TextNet is a lightweight and efficient architecture designed specifically for text detection, offering superior performance compared to traditional models like MobileNetV3. With variants TextNet-T, TextNet-S, and TextNet-B (6.8M, 8.0M, and 8.9M parameters respectively), it achieves an excellent balance between accuracy and inference speed.

Add TextNet by @jadechoghari in #34979

DiffLlama

Differential Transformer combines the Llama architecture with Differential Transformer's Attention.

Add DiffLllama by @weak-kajuma in #34083

PixtralLarge

The conversion script needed a few update, while the modeling code was barely changed!

[PixtralLarge] Update Pixtral conversion script to support large format! (#34801)

Moonshine

Moonshine is an autoregressive speech recognition encoder-decoder model that improves upon Whisper's architecture. Namely, it replaces absolute position embeddings with Rotary Position Embeddings (RoPE). This allows Moonshine to handle audio inputs of any length, unlike Whisper, which is restricted to fixed 30-second windows. It was introduced by Nat Jeffries, Evan King, Manjunath Kudlur, Guy Nicholson, James Wang, and Pete Warden in Moonshine: Speech Recognition for Live Transcription and Voice Commands
.

Add Moonshine by @eustlb in #34784

Quantization methods

VPTQ Quantization

From the VPTQ contributors:

VPTQ is a novel Post-Training Quantization method that leverages Vector Quantization to high accuracy on LLMs at an extremely low bit-width (<2-bit). VPTQ can compress 70B, even the 405B model, to 1-2 bits without retraining and maintain high accuracy.. More details here: https://github.com/microsoft/vptq

FEAT : Adding VPTQ quantization method to HFQuantizer by @wejoncy in #34770

HIGGS Quantization

From the contributors:

HIGGS is a new 0-shot quantization algorithm that combines Hadamard preprocessing with MSE-Optimal quantization grids to achieve lower quantization error and SOTA performance. You can find more information in the paper.
Runtime support for HIGGS is implemented through FLUTE, and its library.
This PR adds support for HIGGS+FLUTE into transformers allowing for low-error 0-shot quantization and fast LLM inference.

HIGGS Quantization Support by @BlackSamorez in #34997

Cleanup

We merged a cleanup for vision language models, to make sure it all models are standardized.

VLMs: major clean up 🧼 (#34502)

Breaking changes

Conversion scripts

Many models in Transformers include scripts to convert the original model checkpoints into a Transformers-compatible format. These scripts can be found in the repo using the glob pattern models/**/convert_*.py. They were a recurring source of vulnerability reports and CVEs because many models were originally released using insecure formats like older PyTorch .bin weights or pickle files. The conversion scripts had to open these formats, and this meant that they were vulnerable to maliciously crafted inputs.

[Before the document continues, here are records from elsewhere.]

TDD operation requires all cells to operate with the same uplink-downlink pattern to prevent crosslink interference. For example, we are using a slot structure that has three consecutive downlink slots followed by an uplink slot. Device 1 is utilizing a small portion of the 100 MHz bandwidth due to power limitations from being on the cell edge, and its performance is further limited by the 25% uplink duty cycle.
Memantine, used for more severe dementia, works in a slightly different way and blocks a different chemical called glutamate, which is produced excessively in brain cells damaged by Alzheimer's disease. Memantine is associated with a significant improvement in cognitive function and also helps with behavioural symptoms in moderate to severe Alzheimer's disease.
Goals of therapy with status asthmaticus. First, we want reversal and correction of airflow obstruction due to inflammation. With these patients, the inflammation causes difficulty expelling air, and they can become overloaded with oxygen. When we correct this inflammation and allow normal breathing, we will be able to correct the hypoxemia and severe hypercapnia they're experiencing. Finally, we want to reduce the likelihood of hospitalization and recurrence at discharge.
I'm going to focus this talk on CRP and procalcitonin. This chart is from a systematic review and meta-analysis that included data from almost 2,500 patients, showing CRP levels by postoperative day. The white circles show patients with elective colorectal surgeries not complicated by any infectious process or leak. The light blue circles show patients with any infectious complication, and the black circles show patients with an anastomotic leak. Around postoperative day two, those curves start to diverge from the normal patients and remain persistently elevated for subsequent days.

In practice, we do not see this as a serious vulnerability. The conversion scripts are never imported or called by the rest of the library; each script is standalone, and so the only way to exploit the vulnerability is to create a malicious checkpoint, induce a user to download it, and then also induce them to manually call a specific conversion script on it.

However, even if there is little practical risk of an exploit, we are aware that open vulnerability reports create a compliance problem for users, and so beginning with this release we will be excluding these conversion scripts from release branches and wheels. They will remain accessible to developers on the main branch.

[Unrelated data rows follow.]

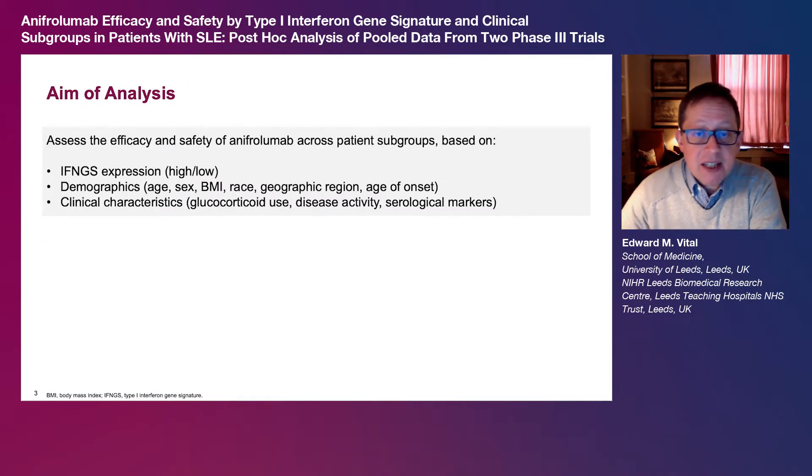The purpose of this analysis was to assess whether the efficacy and safety of anapherolumab is generally uniform across subgroups of interferon gene signature, or IFMGS expression, demographics and clinical characteristics, all of which may have the potential to impact disease severity and therapeutic responses in clinical practice.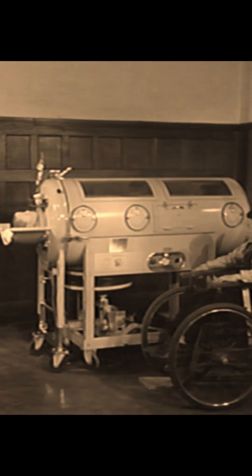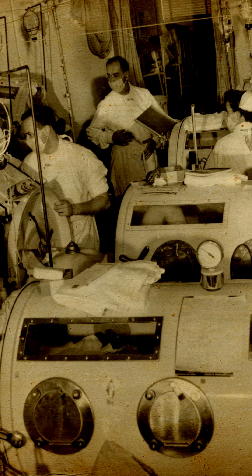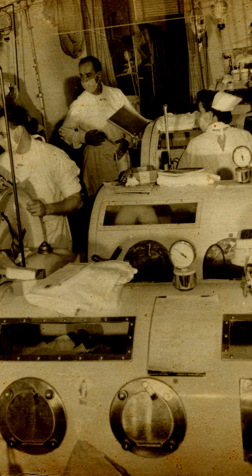This is an iron lung. These things were used to help polio patients breathe. Polio is a virus that in the early 1950s paralyzed roughly 16,000 Americans every year. 1952 was the worst outbreak.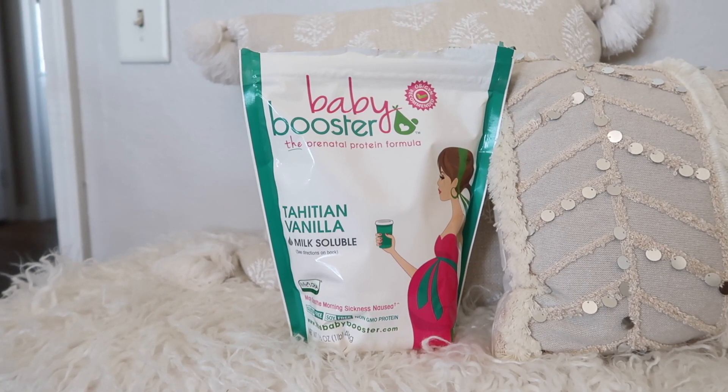Speaking of the third trimester, I found another pregnancy product that I've loved — it's this prenatal protein formula. I love to make smoothies at home and I love to have protein shakes typically when I'm not pregnant. When you are pregnant, my doctor told me protein powder is okay, but I really wanted a protein powder that would be good for mama and good for baby and have additional nutrients specific to pregnancy. So I found this on Amazon — it's the Baby Booster prenatal protein. They have different flavors; I got the vanilla one because I like to add it into my kale smoothies.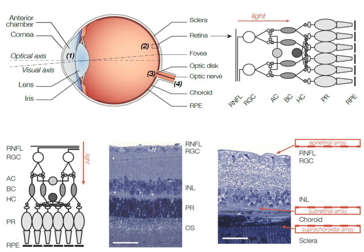Retinal prostheses for restoration of sight to patients blinded by retinal degeneration are being developed by a number of private companies and research institutions worldwide. The system is meant to partially restore useful vision to people who have lost their photoreceptors due to retinal diseases such as retinitis pigmentosa or age-related macular degeneration. Three types of retinal implants are currently in clinical trials: epiretinal, subretinal, and suprachoroidal.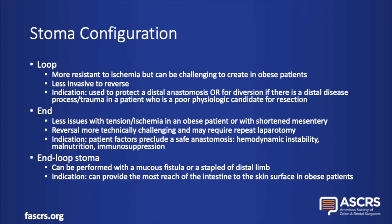An end stoma configuration can provide less tension and more reach for a patient with a shortened mesentery. However, a reversal can be more technically challenging as it would require abdominal exploration. End stomas are a good option for patients who have other factors that preclude a safe anastomosis, including hemodynamic instability, malnutrition, or immunosuppression. An end-loop stoma is another option which can be performed in two different ways: creating an end stoma with a mucous fistula of the distal limb, or stapling off the distal limb and creating almost a J configuration that can allow for further reach if a true end stoma is unable to reach without tension.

🚨🚨🚨 Delete conversion scripts when making release wheels by @Rocketknight1 in #35296

Backtracking in Nougat

A regular expression used within the Nougat code has been modified to ensure it does not hang. The method should output the same results but we cannot guarantee it; we recommend upgrading to the latest transformers if you use this model to ensure your code is performance-optimized.

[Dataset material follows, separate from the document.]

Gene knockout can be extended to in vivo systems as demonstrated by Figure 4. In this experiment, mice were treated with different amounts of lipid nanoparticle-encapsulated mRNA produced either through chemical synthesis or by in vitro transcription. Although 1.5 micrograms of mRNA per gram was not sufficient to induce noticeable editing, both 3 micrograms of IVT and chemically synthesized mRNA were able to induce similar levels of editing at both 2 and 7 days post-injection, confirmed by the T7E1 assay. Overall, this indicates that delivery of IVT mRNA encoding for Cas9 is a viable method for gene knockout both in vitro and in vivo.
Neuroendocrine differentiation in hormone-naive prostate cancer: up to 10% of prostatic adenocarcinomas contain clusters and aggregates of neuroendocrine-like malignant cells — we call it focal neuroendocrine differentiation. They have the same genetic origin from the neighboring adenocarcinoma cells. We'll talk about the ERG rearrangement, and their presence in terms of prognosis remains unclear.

🚨🚨🚨 Limit backtracking in Nougat regexp by @qubvel in #35264

Whisper decoding

This PR finalizes work that aimes to enable short-form (< 30 secs) and long-form generation using temperature fallback. It is a significant improvement to the whisper codebase, but it does result in the following breaking changes:

➡️ Previously:
• Short-form: Returned a ModelOutput or torch.LongTensor, including decoder input IDs and the EOS token ID.
• Long-form: Returned a Dict or torch.LongTensor, excluding decoder input IDs and the EOS token ID.

➡️ From now on:
Short-form and long-form generation are now treated identically, meaning output differentiation based on these modes is no longer applicable.

Decoder input IDs and EOS token IDs are never returned, except in two specific cases: when return_dict_in_generate=True and (return_timestamps=False or force_unique_generate_call=True).

In this case, the output will be a ModelOutput, which is the result of the underlying call to GenerationMixin’s generate. Indeed, return_timestamps=False ensures no seeking occurs; only a single call to generate is made. Therefore, this output includes both decoder input IDs and the EOS token ID.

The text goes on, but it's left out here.